*** Opening of Listed entries ***
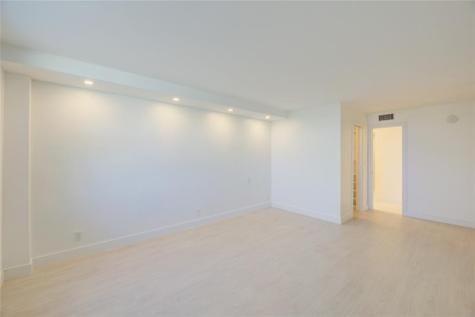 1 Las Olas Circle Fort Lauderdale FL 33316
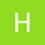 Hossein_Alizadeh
*** Close of Listed entries ***
*** Opening of Listed entries ***
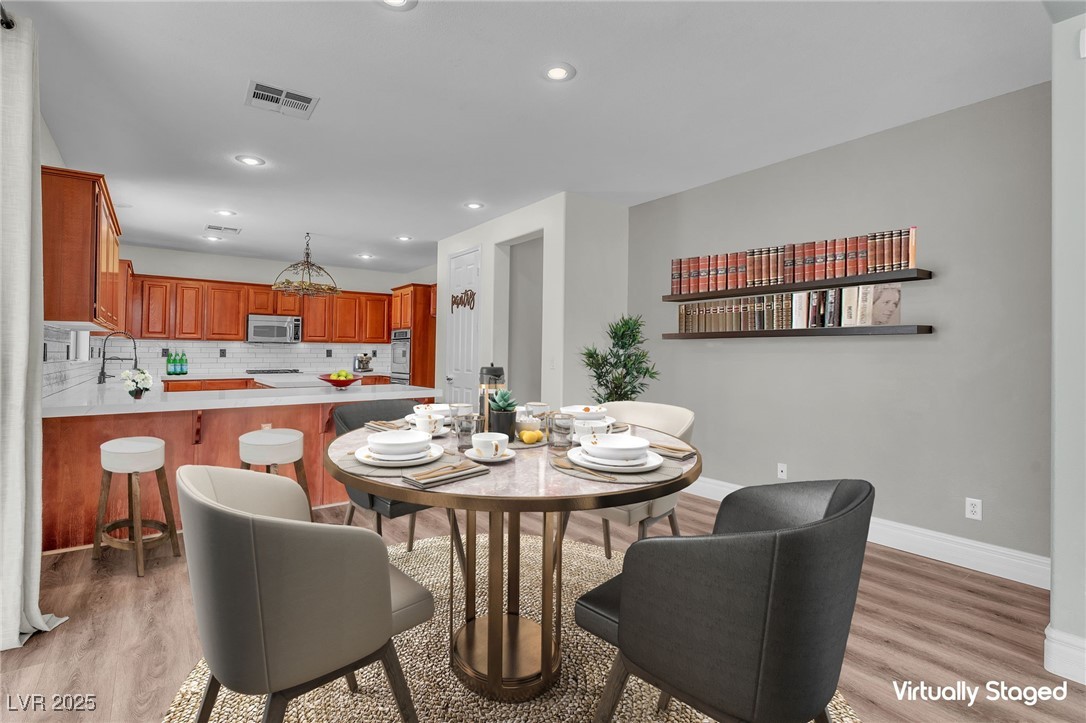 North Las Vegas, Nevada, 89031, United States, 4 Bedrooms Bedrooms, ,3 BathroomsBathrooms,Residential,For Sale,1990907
*** Close of Listed entries ***
◆ Work instruction: For the entries above, print exactly the lines between the one with "1 Las Olas Circle Fort Lauderdale FL 33316" and the one with "Hossein_Alizadeh", inclusive, with no pictures.

◆ Answer space:
 1 Las Olas Circle Fort Lauderdale FL 33316
 Hossein_Alizadeh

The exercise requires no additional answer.